Available records
□ □ □
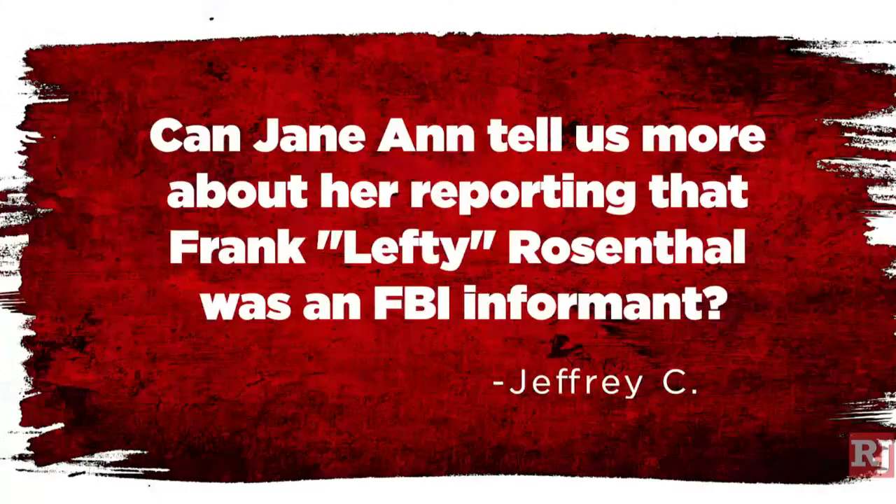Before we let you go, we have a couple of questions from our podcast listeners. Jeffrey C wrote in with a question for Jane Ann — he was wondering if you could speak more about your reporting on Lefty Rosenthal being a government informant. Specifically, your sources were anonymous government sources. Can you tell us about that story, how it came to be and how it came to be reported so long after Frank Rosenthal was in Las Vegas?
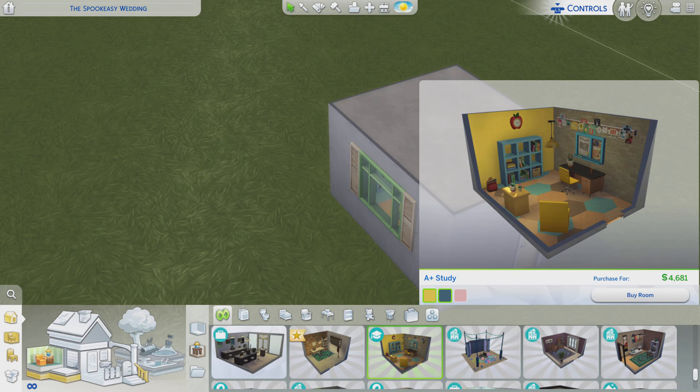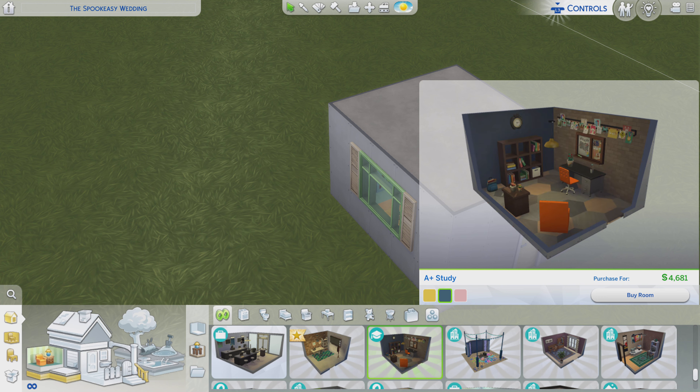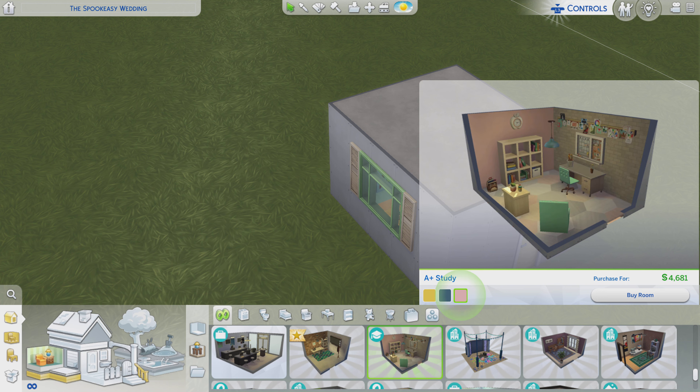Greetings! I am Harry Larry from Gary and this is episode 78 of The Sims 4 Maxis Rooms. This particular room is called A Plus Study. It is for almost $4,700 and you get three different color variations on this one. We are going to be looking at the yellow version.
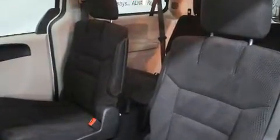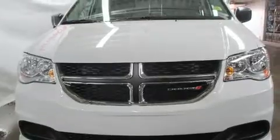Storage solutions are integrated throughout the interior, demonstrating thoughtful attention to detail. Passengers in the third row enjoy seat-back reclining functionality, providing an extra level of comfort and convenience.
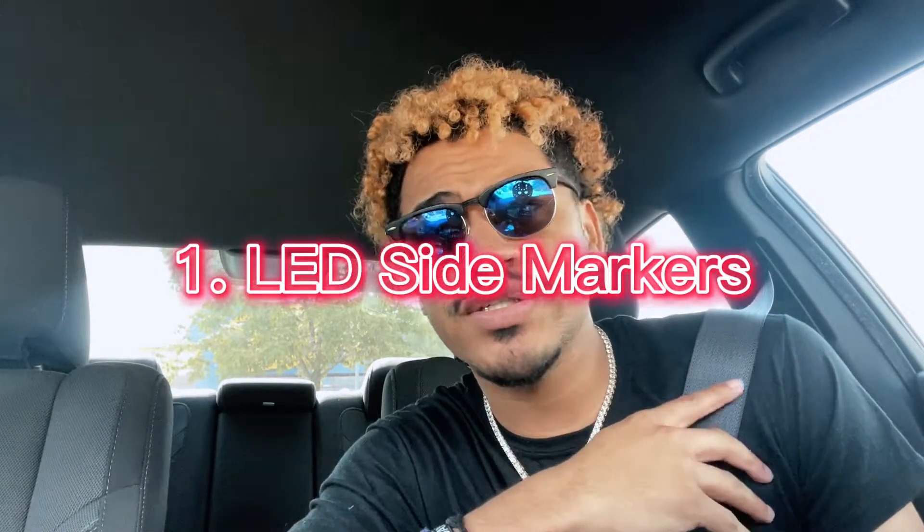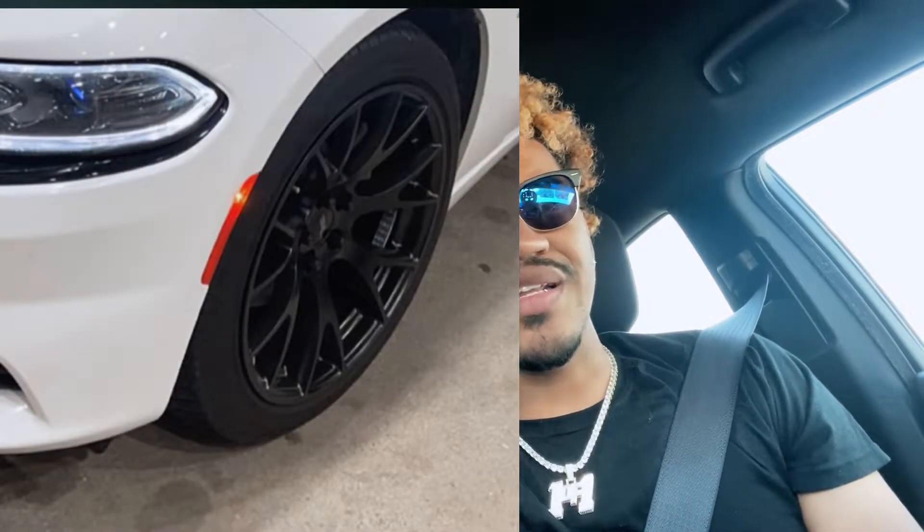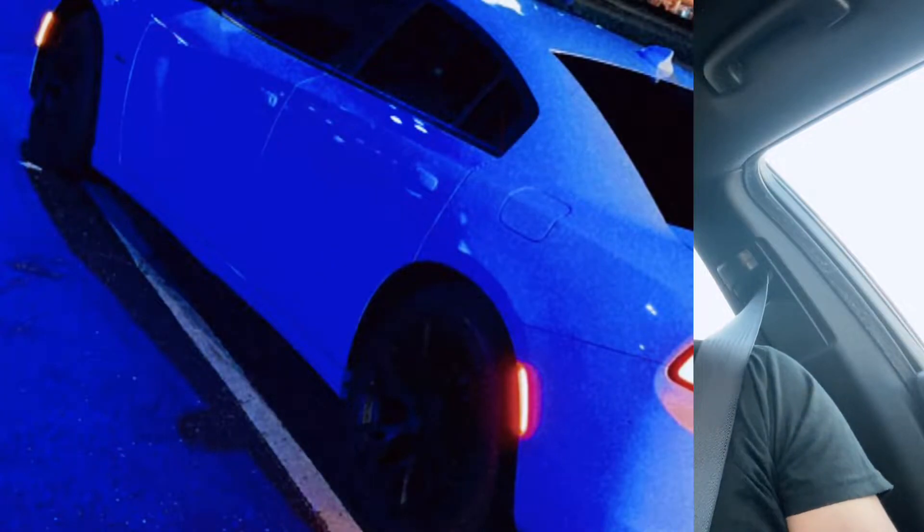The first mod I would recommend doing is getting some LED side markers. I have LED side markers on my car right now and it just upgrades the appearance of it. At night time, the stock ones just have a little LED on the top and the rest of it is reflective. When you get the LED side markers and put them on, it's a real upgrade — it looks so much better in my opinion.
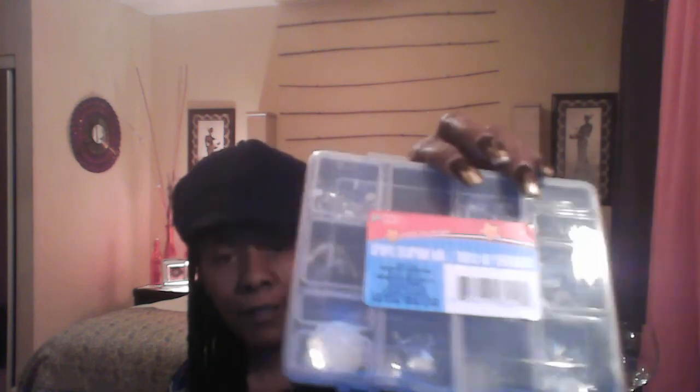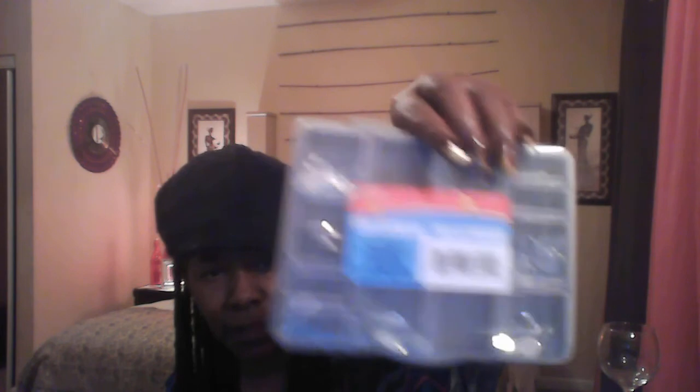I found this little tray for a dollar and I needed this so bad to put my little blingy stuff in — you can see my little bling stuff. Now I've got somewhere to keep all my little blingy supplies, and I'm happy about that too.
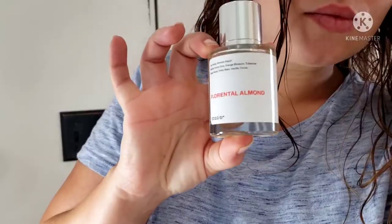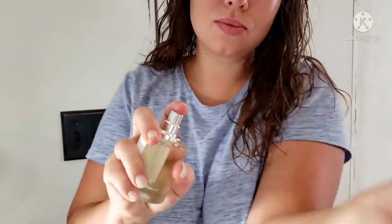So head on over to that website, check them out, and this is going to wrap it up for the video. I'm going to end my routine with my new favorite scent, Floriental Almond, and give myself a couple spritz of that. I'll catch you in the next one. Thanks so much for watching. Bye, guys!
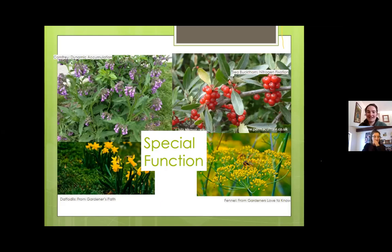Certain plants have a special function in the system. One key function is dynamic accumulation. Comfrey has a really deep tap root that gets down to levels of the soil other plants can't reach, mining those nutrients up into its leaves. As the leaves drop, those nutrients become available to other plants in the system. Most tap-rooted plants are dynamic accumulators of some sort.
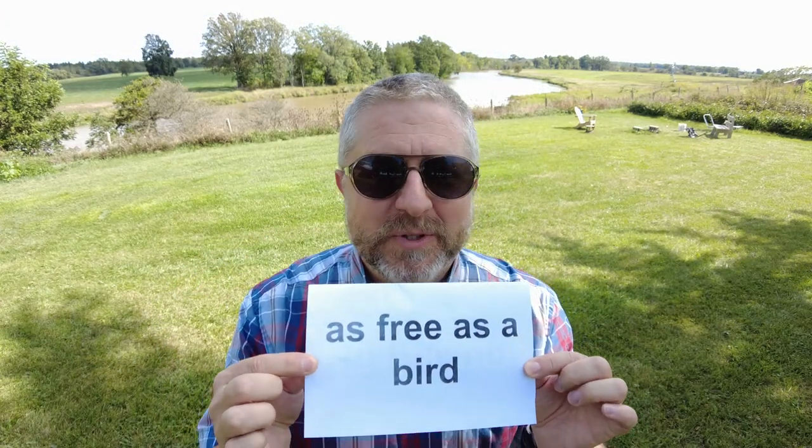Tuesday though is the day that school starts, so I'll be back at work. If you think about the school year in Canada, at the end of the month of June when the school year ends, I'm also as free as a bird — but that's going to end quickly in just a couple of days.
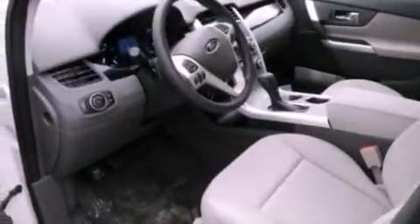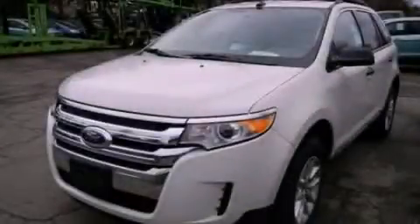Also included are a chrome grille, roof rails, an anti-lock braking system, front and rear reading lights, and a rear spoiler. Call or visit us right now and arrange your test drive today.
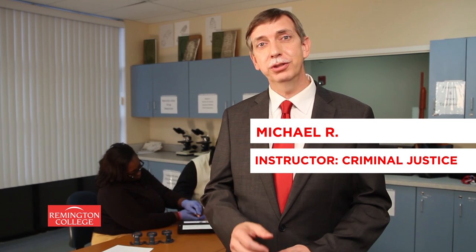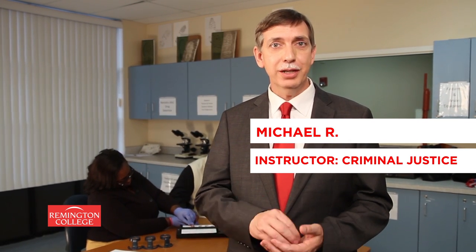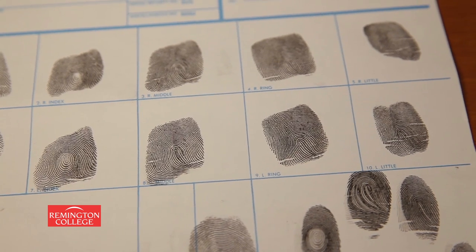I'm an instructor in criminal justice at Remington College. In the criminal justice program, we teach practical skills and applications, not simply the concepts. One of the things that we're doing today is fingerprinting.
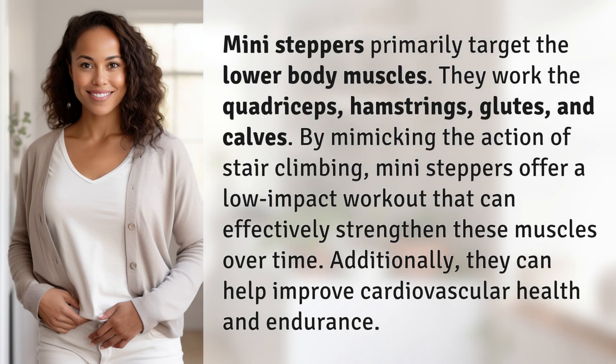Mini-steppers primarily target the lower body muscles. They work the quadriceps, hamstrings, glutes, and calves by mimicking the action of stair climbing. Mini-steppers offer a low-impact workout that can effectively strengthen these muscles over time. Additionally, they can help improve cardiovascular health and endurance.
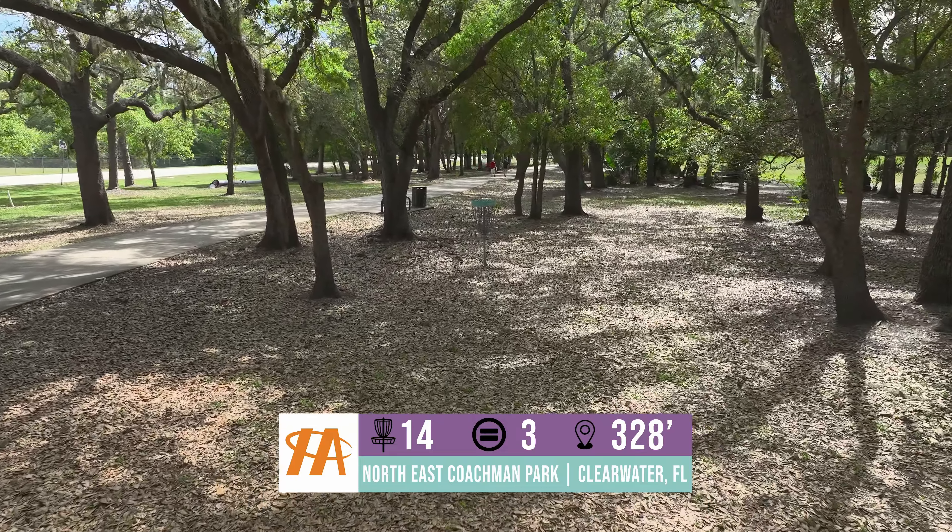Hole 16 is another fun hole. You can throw a big anhyzer turnover shot or a big sidearm skipper. Through the years I've even thrown backhand rollers to get to this basket. Two different pin placements — one's tucked inside the palm trees. Hole 17 is a straight-up little 220 foot rocket shot. This one has given up more aces on the course than probably any other hole. I've had a $500 ace fund on this hole myself, and many people have told me they had their first ace on hole 17.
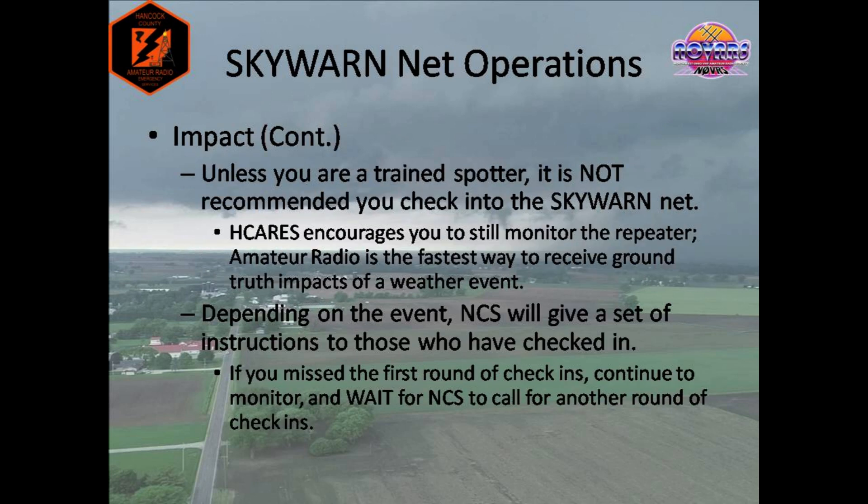It is important to remember that Skywarn nets are a directed net, and all operations within the net are under the net control station's direction. These nets are used to provide life-saving information to the National Weather Service. We certainly understand everyone's willingness to help, but it is still recommended that if you are not a trained spotter, you refrain from checking into the net. We encourage you to continue to monitor the repeater. Amateur radio is the fastest way to receive ground truth impacts of a weather event. However, if you have priority or emergency traffic, regardless of training or not, please communicate that with the net control station.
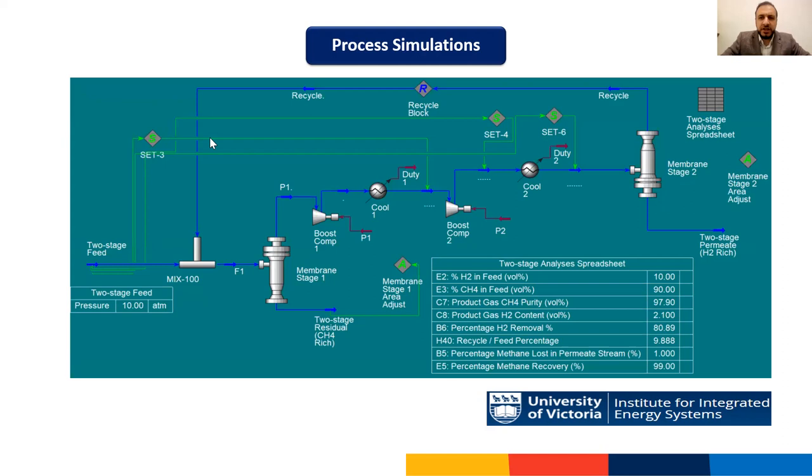Here is an example of a two-stage membrane unit simulated in Aspen HYSYS for hydrogen separation from natural gas. Automatic adjust blocks were used to manipulate the membrane area of both stages after setting the permeate pressures, allowing control of both purity and recovery. For example, we were able to drop hydrogen content from 10 percent all the way down to one or two percent when producing pure natural gas, with a recovery as high as 99 percent. The process can also be simulated to produce pure hydrogen rather than pure natural gas.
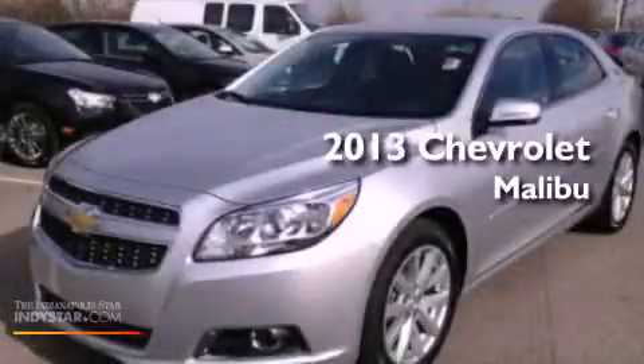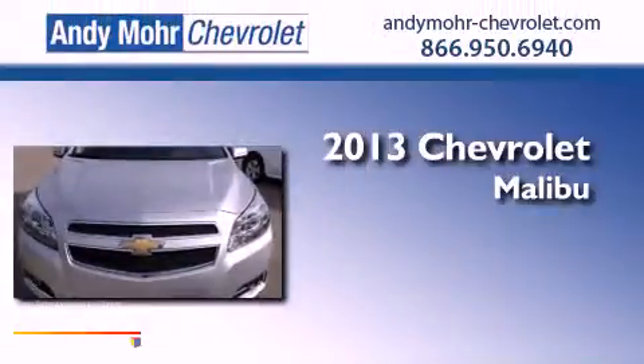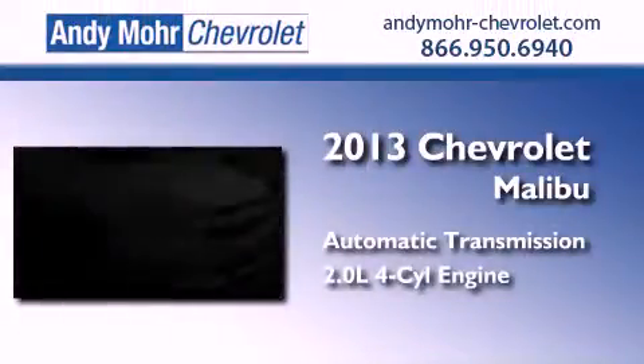This is a brand-new 2013 Chevrolet Malibu. This car has an automatic transmission and an inline four-cylinder engine.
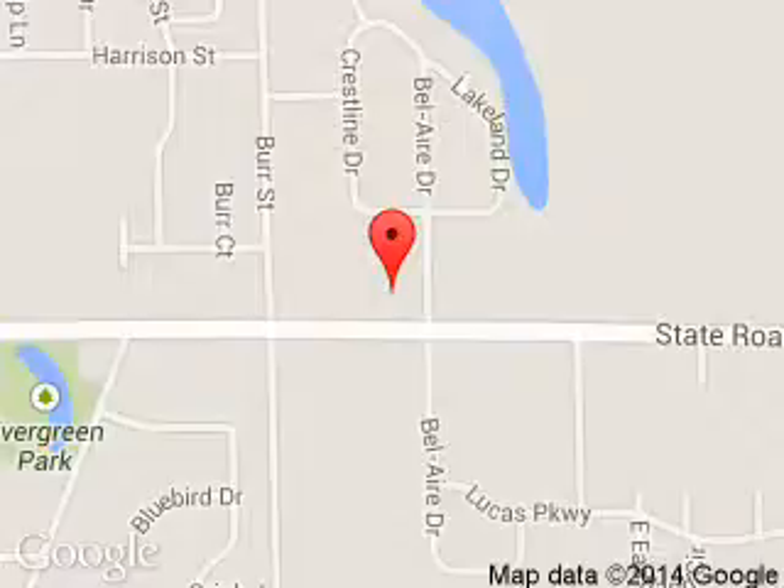We are located at 1777 East Commercial Avenue, Lowell, Indiana, 46356.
□ □ □
Exercise objective
Since the pictures are not part of the copy, please transcribe only the lines above from the one with "I'm an instructor" through the one with "Hole 16 is another", exactly and with both ends.

Response to this exercise
I'm an instructor in criminal justice at Remington College. In the criminal justice program, we teach practical skills and applications, not simply the concepts. One of the things that we're doing today is fingerprinting.
Mini-steppers primarily target the lower body muscles. They work the quadriceps, hamstrings, glutes, and calves by mimicking the action of stair climbing. Mini-steppers offer a low-impact workout that can effectively strengthen these muscles over time. Additionally, they can help improve cardiovascular health and endurance.
Hole 16 is another fun hole. You can throw a big anhyzer turnover shot or a big sidearm skipper. Through the years I've even thrown backhand rollers to get to this basket. Two different pin placements — one's tucked inside the palm trees. Hole 17 is a straight-up little 220 foot rocket shot. This one has given up more aces on the course than probably any other hole. I've had a $500 ace fund on this hole myself, and many people have told me they had their first ace on hole 17.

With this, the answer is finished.